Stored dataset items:
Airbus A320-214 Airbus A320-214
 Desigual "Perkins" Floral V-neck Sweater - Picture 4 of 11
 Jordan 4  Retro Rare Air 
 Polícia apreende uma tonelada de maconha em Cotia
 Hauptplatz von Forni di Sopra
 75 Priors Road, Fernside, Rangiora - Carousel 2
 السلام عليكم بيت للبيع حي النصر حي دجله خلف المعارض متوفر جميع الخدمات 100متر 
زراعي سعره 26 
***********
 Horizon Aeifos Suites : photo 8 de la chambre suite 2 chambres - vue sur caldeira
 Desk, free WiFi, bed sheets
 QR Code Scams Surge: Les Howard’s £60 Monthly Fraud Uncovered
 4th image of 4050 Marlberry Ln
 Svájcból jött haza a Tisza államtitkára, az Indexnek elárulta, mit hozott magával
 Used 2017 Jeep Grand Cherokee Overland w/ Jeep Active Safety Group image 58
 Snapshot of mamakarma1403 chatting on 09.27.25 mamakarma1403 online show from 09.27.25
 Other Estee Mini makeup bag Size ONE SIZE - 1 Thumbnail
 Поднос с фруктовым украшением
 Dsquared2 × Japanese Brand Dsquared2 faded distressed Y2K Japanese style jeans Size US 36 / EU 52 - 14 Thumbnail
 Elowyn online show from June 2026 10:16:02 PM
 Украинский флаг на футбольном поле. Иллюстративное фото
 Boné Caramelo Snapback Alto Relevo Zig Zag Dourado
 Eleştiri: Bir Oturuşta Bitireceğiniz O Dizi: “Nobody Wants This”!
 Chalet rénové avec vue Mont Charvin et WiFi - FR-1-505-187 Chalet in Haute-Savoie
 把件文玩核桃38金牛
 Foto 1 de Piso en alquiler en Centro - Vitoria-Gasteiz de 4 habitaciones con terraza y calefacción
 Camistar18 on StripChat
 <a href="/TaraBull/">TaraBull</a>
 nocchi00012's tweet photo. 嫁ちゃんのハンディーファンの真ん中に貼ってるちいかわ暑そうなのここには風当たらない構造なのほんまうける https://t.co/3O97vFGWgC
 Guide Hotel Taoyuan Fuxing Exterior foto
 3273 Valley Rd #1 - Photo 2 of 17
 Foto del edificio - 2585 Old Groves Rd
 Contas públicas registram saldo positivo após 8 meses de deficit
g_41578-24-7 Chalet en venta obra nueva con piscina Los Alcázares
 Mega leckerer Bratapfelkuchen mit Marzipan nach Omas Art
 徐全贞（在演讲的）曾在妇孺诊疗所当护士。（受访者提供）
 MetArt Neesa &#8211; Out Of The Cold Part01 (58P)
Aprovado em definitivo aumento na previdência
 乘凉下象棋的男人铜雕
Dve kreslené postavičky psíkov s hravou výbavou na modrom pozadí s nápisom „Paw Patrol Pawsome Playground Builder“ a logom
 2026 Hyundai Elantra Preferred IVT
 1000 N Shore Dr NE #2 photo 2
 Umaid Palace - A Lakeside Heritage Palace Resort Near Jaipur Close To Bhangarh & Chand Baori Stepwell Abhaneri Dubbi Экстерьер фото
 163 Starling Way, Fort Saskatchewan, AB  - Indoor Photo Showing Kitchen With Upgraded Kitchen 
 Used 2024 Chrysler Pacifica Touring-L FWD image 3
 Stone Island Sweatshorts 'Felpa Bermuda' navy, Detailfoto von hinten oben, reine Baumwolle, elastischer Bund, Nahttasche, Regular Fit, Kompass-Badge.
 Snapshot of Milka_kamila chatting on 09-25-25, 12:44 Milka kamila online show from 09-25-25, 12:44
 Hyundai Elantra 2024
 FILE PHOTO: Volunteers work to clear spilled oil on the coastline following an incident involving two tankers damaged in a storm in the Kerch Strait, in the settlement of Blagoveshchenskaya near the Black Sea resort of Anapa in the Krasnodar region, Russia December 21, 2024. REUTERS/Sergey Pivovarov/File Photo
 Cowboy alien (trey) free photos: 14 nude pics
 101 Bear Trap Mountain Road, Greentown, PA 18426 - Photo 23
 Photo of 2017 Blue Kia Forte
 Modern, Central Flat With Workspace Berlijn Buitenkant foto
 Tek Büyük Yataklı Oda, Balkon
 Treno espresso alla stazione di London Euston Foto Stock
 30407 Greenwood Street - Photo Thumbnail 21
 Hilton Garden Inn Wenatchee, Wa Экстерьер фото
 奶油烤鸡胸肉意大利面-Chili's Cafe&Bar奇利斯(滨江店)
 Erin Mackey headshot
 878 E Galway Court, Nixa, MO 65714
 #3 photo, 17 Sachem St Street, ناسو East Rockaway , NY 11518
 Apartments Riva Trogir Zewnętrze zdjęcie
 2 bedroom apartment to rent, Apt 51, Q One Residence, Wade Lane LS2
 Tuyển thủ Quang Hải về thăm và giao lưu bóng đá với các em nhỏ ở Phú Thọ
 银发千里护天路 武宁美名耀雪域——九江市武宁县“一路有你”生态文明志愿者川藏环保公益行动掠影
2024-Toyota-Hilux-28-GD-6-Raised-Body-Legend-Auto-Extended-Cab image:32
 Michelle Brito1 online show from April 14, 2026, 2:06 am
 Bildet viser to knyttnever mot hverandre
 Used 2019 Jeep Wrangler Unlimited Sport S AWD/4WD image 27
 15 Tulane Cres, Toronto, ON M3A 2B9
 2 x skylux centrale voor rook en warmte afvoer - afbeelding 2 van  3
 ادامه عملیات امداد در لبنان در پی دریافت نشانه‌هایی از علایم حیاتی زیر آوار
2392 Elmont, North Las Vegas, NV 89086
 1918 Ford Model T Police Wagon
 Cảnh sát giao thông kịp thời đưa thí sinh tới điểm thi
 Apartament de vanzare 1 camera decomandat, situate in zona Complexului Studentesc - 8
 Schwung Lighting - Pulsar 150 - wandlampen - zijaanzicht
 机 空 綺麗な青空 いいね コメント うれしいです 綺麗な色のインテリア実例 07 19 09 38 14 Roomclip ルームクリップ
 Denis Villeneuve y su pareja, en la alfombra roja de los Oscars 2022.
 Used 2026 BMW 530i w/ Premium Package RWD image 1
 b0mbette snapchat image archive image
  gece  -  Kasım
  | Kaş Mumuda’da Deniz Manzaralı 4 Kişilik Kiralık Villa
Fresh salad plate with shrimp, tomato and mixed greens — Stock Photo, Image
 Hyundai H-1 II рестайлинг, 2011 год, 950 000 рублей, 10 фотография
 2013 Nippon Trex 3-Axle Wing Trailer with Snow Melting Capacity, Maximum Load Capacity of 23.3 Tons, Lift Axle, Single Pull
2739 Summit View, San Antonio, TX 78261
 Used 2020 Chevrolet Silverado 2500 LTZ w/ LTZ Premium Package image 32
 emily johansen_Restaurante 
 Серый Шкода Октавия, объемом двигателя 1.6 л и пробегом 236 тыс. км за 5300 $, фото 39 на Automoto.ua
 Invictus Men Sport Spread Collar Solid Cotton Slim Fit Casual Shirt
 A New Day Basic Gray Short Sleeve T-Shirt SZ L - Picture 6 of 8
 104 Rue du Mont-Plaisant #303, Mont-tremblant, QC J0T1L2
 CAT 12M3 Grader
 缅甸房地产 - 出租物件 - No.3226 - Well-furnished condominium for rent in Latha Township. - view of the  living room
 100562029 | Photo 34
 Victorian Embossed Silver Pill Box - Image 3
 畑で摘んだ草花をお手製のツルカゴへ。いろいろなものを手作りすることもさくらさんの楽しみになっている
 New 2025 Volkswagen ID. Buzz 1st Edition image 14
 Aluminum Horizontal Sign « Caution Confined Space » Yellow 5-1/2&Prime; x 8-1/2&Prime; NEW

> [Your instructions]
A word-for-word transcription of the data above is required.

> [Task answer]
Airbus A320-214 Airbus A320-214
 Desigual "Perkins" Floral V-neck Sweater - Picture 4 of 11
 Jordan 4  Retro Rare Air 
 Polícia apreende uma tonelada de maconha em Cotia
 Hauptplatz von Forni di Sopra
 75 Priors Road, Fernside, Rangiora - Carousel 2
 السلام عليكم بيت للبيع حي النصر حي دجله خلف المعارض متوفر جميع الخدمات 100متر 
زراعي سعره 26 
***********
 Horizon Aeifos Suites : photo 8 de la chambre suite 2 chambres - vue sur caldeira
 Desk, free WiFi, bed sheets
 QR Code Scams Surge: Les Howard’s £60 Monthly Fraud Uncovered
 4th image of 4050 Marlberry Ln
 Svájcból jött haza a Tisza államtitkára, az Indexnek elárulta, mit hozott magával
 Used 2017 Jeep Grand Cherokee Overland w/ Jeep Active Safety Group image 58
 Snapshot of mamakarma1403 chatting on 09.27.25 mamakarma1403 online show from 09.27.25
 Other Estee Mini makeup bag Size ONE SIZE - 1 Thumbnail
 Поднос с фруктовым украшением
 Dsquared2 × Japanese Brand Dsquared2 faded distressed Y2K Japanese style jeans Size US 36 / EU 52 - 14 Thumbnail
 Elowyn online show from June 2026 10:16:02 PM
 Украинский флаг на футбольном поле. Иллюстративное фото
 Boné Caramelo Snapback Alto Relevo Zig Zag Dourado
 Eleştiri: Bir Oturuşta Bitireceğiniz O Dizi: “Nobody Wants This”!
 Chalet rénové avec vue Mont Charvin et WiFi - FR-1-505-187 Chalet in Haute-Savoie
 把件文玩核桃38金牛
 Foto 1 de Piso en alquiler en Centro - Vitoria-Gasteiz de 4 habitaciones con terraza y calefacción
 Camistar18 on StripChat
 <a href="/TaraBull/">TaraBull</a>
 nocchi00012's tweet photo. 嫁ちゃんのハンディーファンの真ん中に貼ってるちいかわ暑そうなのここには風当たらない構造なのほんまうける https://t.co/3O97vFGWgC
 Guide Hotel Taoyuan Fuxing Exterior foto
 3273 Valley Rd #1 - Photo 2 of 17
 Foto del edificio - 2585 Old Groves Rd
 Contas públicas registram saldo positivo após 8 meses de deficit
g_41578-24-7 Chalet en venta obra nueva con piscina Los Alcázares
 Mega leckerer Bratapfelkuchen mit Marzipan nach Omas Art
 徐全贞（在演讲的）曾在妇孺诊疗所当护士。（受访者提供）
 MetArt Neesa &#8211; Out Of The Cold Part01 (58P)
Aprovado em definitivo aumento na previdência
 乘凉下象棋的男人铜雕
Dve kreslené postavičky psíkov s hravou výbavou na modrom pozadí s nápisom „Paw Patrol Pawsome Playground Builder“ a logom
 2026 Hyundai Elantra Preferred IVT
 1000 N Shore Dr NE #2 photo 2
 Umaid Palace - A Lakeside Heritage Palace Resort Near Jaipur Close To Bhangarh & Chand Baori Stepwell Abhaneri Dubbi Экстерьер фото
 163 Starling Way, Fort Saskatchewan, AB  - Indoor Photo Showing Kitchen With Upgraded Kitchen 
 Used 2024 Chrysler Pacifica Touring-L FWD image 3
 Stone Island Sweatshorts 'Felpa Bermuda' navy, Detailfoto von hinten oben, reine Baumwolle, elastischer Bund, Nahttasche, Regular Fit, Kompass-Badge.
 Snapshot of Milka_kamila chatting on 09-25-25, 12:44 Milka kamila online show from 09-25-25, 12:44
 Hyundai Elantra 2024
 FILE PHOTO: Volunteers work to clear spilled oil on the coastline following an incident involving two tankers damaged in a storm in the Kerch Strait, in the settlement of Blagoveshchenskaya near the Black Sea resort of Anapa in the Krasnodar region, Russia December 21, 2024. REUTERS/Sergey Pivovarov/File Photo
 Cowboy alien (trey) free photos: 14 nude pics
 101 Bear Trap Mountain Road, Greentown, PA 18426 - Photo 23
 Photo of 2017 Blue Kia Forte
 Modern, Central Flat With Workspace Berlijn Buitenkant foto
 Tek Büyük Yataklı Oda, Balkon
 Treno espresso alla stazione di London Euston Foto Stock
 30407 Greenwood Street - Photo Thumbnail 21
 Hilton Garden Inn Wenatchee, Wa Экстерьер фото
 奶油烤鸡胸肉意大利面-Chili's Cafe&Bar奇利斯(滨江店)
 Erin Mackey headshot
 878 E Galway Court, Nixa, MO 65714
 #3 photo, 17 Sachem St Street, ناسو East Rockaway , NY 11518
 Apartments Riva Trogir Zewnętrze zdjęcie
 2 bedroom apartment to rent, Apt 51, Q One Residence, Wade Lane LS2
 Tuyển thủ Quang Hải về thăm và giao lưu bóng đá với các em nhỏ ở Phú Thọ
 银发千里护天路 武宁美名耀雪域——九江市武宁县“一路有你”生态文明志愿者川藏环保公益行动掠影
2024-Toyota-Hilux-28-GD-6-Raised-Body-Legend-Auto-Extended-Cab image:32
 Michelle Brito1 online show from April 14, 2026, 2:06 am
 Bildet viser to knyttnever mot hverandre
 Used 2019 Jeep Wrangler Unlimited Sport S AWD/4WD image 27
 15 Tulane Cres, Toronto, ON M3A 2B9
 2 x skylux centrale voor rook en warmte afvoer - afbeelding 2 van  3
 ادامه عملیات امداد در لبنان در پی دریافت نشانه‌هایی از علایم حیاتی زیر آوار
2392 Elmont, North Las Vegas, NV 89086
 1918 Ford Model T Police Wagon
 Cảnh sát giao thông kịp thời đưa thí sinh tới điểm thi
 Apartament de vanzare 1 camera decomandat, situate in zona Complexului Studentesc - 8
 Schwung Lighting - Pulsar 150 - wandlampen - zijaanzicht
 机 空 綺麗な青空 いいね コメント うれしいです 綺麗な色のインテリア実例 07 19 09 38 14 Roomclip ルームクリップ
 Denis Villeneuve y su pareja, en la alfombra roja de los Oscars 2022.
 Used 2026 BMW 530i w/ Premium Package RWD image 1
 b0mbette snapchat image archive image
  gece  -  Kasım
  | Kaş Mumuda’da Deniz Manzaralı 4 Kişilik Kiralık Villa
Fresh salad plate with shrimp, tomato and mixed greens — Stock Photo, Image
 Hyundai H-1 II рестайлинг, 2011 год, 950 000 рублей, 10 фотография
 2013 Nippon Trex 3-Axle Wing Trailer with Snow Melting Capacity, Maximum Load Capacity of 23.3 Tons, Lift Axle, Single Pull
2739 Summit View, San Antonio, TX 78261
 Used 2020 Chevrolet Silverado 2500 LTZ w/ LTZ Premium Package image 32
 emily johansen_Restaurante 
 Серый Шкода Октавия, объемом двигателя 1.6 л и пробегом 236 тыс. км за 5300 $, фото 39 на Automoto.ua
 Invictus Men Sport Spread Collar Solid Cotton Slim Fit Casual Shirt
 A New Day Basic Gray Short Sleeve T-Shirt SZ L - Picture 6 of 8
 104 Rue du Mont-Plaisant #303, Mont-tremblant, QC J0T1L2
 CAT 12M3 Grader
 缅甸房地产 - 出租物件 - No.3226 - Well-furnished condominium for rent in Latha Township. - view of the  living room
 100562029 | Photo 34
 Victorian Embossed Silver Pill Box - Image 3
 畑で摘んだ草花をお手製のツルカゴへ。いろいろなものを手作りすることもさくらさんの楽しみになっている
 New 2025 Volkswagen ID. Buzz 1st Edition image 14
 Aluminum Horizontal Sign « Caution Confined Space » Yellow 5-1/2&Prime; x 8-1/2&Prime; NEW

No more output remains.